* _Assignment_
Reproduce exactly, and solely, the lines running from the top of the data below through the line with "70 cm Support", both inclusive. Omit pictures.

Provided material START

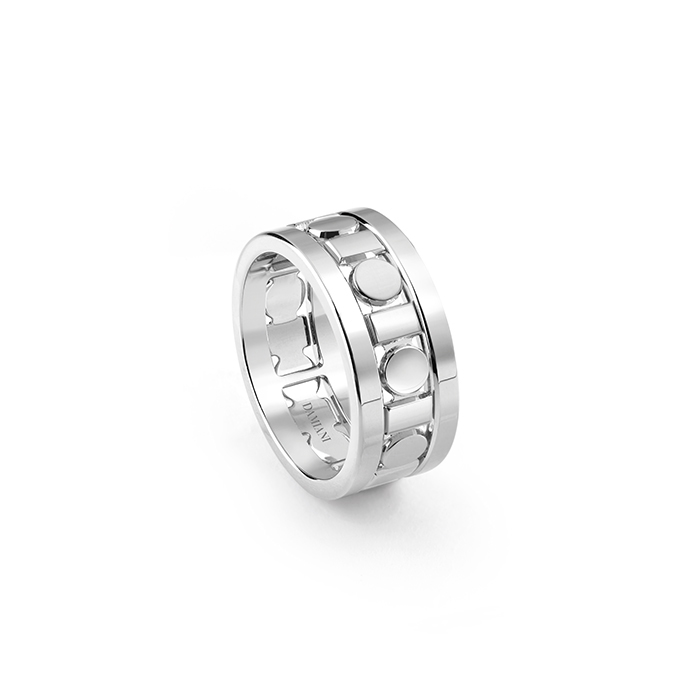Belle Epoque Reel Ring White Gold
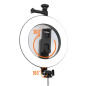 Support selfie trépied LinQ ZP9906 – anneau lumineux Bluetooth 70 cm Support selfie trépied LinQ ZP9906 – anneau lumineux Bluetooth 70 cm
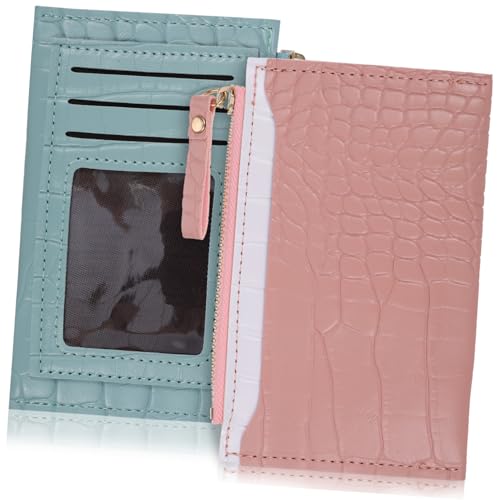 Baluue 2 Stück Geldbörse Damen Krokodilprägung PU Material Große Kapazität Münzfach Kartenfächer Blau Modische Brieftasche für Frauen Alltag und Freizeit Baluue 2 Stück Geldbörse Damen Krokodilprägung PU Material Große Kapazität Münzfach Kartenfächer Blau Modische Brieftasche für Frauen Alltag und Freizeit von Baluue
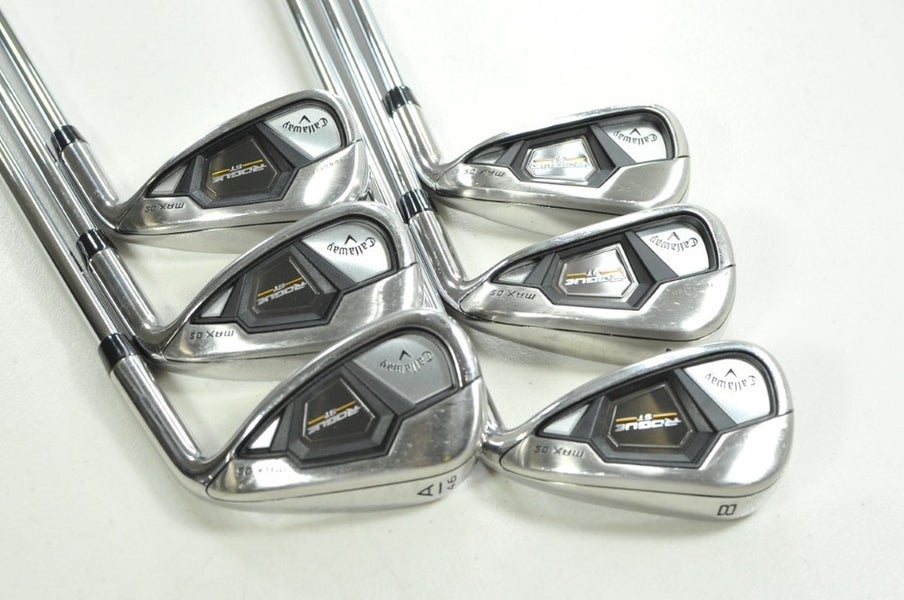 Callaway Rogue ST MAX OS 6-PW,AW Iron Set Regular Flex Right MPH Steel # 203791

Provided material END

* _Answer section_
Belle Epoque Reel Ring White Gold
 Support selfie trépied LinQ ZP9906 – anneau lumineux Bluetooth 70 cm Support selfie trépied LinQ ZP9906 – anneau lumineux Bluetooth 70 cm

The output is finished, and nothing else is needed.